The best bet would be to buy directly from a beekeeper, but even then you may want to ask questions. Ask if they feed their bees over the winter, and then ask WHAT they feed them. The bees will take this food and put it in their hive... into the combs that then may get harvested and sold as honey. Most beekeepers make sure they stop feeding once the nector/honey flow starts and they put the honey supers on, but it never hurts to ask.
Just my opinion as an ameture beekeeper...
Catherine


----------



## steff bugielski (Nov 10, 2003)

From what I understand there is no such thing as "organic honey". Since the beekeeper does not know where the bees are feeding. Raw is what you want to look for.


----------



## alleyyooper (Apr 22, 2005)

Yes there is deceptive labeling going on with honey!!!
Best way to avoid the crap from China is to buy local, farmers markets are a good place to start. Even there you could possiable get crap too as one honey seller in our local farmers market does not own one honey bee. He buys the honey in bulk from a producer and then bottles it and uses his label.
Ask the seller for a tour of their operation, Ask if you could spend a day or so with them when they are harvesting. Most that take pride in their operation will allow you to go on a harvest run and watch as they extract and bottle the honey. In our case be prepaired to spend several days, our honey supers are pulled and can take several days, then the extraction is started which can also take several days, the honey is allowed to settle in the settleing tanks for several days before being strained into pails then bottled. 

There are some bee keepers out there that are so lazy and dumb you still don't know what you are getting unless you see the operation. A few years ago I got a call from one such person wanting to know if I wanted to buy his bees. He had 4 colonies, On inspection (August time frame) honey supers were on. I found apastain strips in the honey supers as well as the berood boxes. I asked him about the strips and he said it was to kill the mites. I asked if he had read the label on how to use the strips and he said no that he had been told to put two strips in a box with ten frames.

YUK honey for sure.

I would say 99% of the local bee keepers from any given area are OK.

 Al


----------



## Haven (Aug 16, 2010)

Thanks for the info.

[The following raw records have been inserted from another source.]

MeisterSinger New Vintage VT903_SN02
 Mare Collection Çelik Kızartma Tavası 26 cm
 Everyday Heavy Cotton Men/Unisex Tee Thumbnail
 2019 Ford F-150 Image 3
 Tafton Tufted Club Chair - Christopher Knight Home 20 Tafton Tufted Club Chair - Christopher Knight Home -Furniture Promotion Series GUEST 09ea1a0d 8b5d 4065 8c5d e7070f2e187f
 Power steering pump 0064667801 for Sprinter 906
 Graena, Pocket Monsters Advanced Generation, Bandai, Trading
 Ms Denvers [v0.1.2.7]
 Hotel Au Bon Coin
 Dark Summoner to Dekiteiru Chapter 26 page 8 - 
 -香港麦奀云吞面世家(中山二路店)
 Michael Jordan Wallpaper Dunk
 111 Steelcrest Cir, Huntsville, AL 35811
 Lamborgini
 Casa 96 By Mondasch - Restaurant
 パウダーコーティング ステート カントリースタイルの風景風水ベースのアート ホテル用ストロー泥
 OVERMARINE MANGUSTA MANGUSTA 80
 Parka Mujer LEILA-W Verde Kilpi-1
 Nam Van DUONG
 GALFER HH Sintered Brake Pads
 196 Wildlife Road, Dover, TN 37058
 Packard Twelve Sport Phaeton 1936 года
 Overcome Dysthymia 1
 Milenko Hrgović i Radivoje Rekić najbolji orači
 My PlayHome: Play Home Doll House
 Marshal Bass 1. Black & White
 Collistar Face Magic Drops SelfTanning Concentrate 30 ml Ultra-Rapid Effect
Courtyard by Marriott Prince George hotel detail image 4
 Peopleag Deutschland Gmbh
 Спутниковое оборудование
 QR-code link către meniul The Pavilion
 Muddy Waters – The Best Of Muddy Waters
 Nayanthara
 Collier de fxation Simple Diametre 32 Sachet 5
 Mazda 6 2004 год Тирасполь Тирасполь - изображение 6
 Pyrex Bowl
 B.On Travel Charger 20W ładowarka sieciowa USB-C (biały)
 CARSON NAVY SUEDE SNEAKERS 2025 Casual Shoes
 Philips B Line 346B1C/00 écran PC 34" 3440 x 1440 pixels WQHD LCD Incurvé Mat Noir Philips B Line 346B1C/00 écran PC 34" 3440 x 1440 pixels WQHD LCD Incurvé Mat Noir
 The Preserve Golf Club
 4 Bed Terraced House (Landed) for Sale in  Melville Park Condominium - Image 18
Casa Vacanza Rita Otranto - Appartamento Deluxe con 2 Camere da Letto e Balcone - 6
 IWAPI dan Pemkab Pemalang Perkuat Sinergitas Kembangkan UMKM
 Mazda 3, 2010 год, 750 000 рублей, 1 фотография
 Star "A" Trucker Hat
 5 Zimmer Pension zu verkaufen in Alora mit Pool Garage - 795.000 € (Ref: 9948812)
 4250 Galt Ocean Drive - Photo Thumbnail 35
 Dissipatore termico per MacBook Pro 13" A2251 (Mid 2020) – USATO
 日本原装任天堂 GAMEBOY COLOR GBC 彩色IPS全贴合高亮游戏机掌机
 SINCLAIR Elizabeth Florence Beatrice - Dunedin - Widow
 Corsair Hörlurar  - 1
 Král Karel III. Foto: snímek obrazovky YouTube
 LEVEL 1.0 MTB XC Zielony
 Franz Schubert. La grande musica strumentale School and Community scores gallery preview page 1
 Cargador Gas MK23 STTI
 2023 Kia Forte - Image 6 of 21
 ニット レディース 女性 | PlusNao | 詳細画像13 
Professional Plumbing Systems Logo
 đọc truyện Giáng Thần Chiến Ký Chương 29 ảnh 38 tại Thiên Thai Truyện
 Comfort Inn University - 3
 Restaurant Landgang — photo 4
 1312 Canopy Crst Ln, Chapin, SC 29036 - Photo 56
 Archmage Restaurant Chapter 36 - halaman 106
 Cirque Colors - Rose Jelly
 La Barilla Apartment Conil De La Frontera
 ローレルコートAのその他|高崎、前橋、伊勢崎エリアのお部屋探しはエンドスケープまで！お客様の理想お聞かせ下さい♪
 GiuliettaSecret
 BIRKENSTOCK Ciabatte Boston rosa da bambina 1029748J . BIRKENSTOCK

I will be hitting some state fairs and hope to buy some there.

I wondered about the re-labelling because there is a huge amish tourist trap here that sell maple syrup and honey with local labels. I always wonder how such a big commercial operation that sells so much can have a never ending supply of "local."


----------



## indypartridge (Oct 26, 2004)

Haven said:


> Thanks for the info. I will be hitting some state fairs and hope to buy some there.


You could also contact a local bee club. I'm sure they would be more than happy to connect you with a nearby beekeeper who sells local honey.
http://www.ohiostatebeekeepers.org/Regional & County Clubs/countyclubs.html



> I wondered about the re-labelling because there is a huge amish tourist trap here that sell maple syrup and honey with local labels. I always wonder how such a big commercial operation that sells so much can have a never ending supply of "local."


While I don't know the details what's being sold in your area (I grew up in Holmes Co, Ohio, btw), here in Indiana I know an amish beekeeper in our State association who sells several tons of local honey a year from his amish market. He buys honey from all the local beekeepers. They sell to him at a slightly better price than they could wholesale their honey, and he retails it at a nice mark-up at his store, which is a popular tourist destination.


----------



## alleyyooper (Apr 22, 2005)

You can alwas use the honey locator on the *national honey board web site *to find local honey too.

 Al


----------



## Wisconsin Ann (Feb 27, 2007)

There are some states that have VERY strict labeling laws. If a seller is caught with adulterated honey in those states (I think Georgia is one) he can kiss his license t sell goodbye. 

I agree about buying local tho, if at all possible. Farmer's markets, finding a local apiary, talking to the bee club people. But..BE CAREFUL when talking to the bee people. You'll end up with hives of your own


----------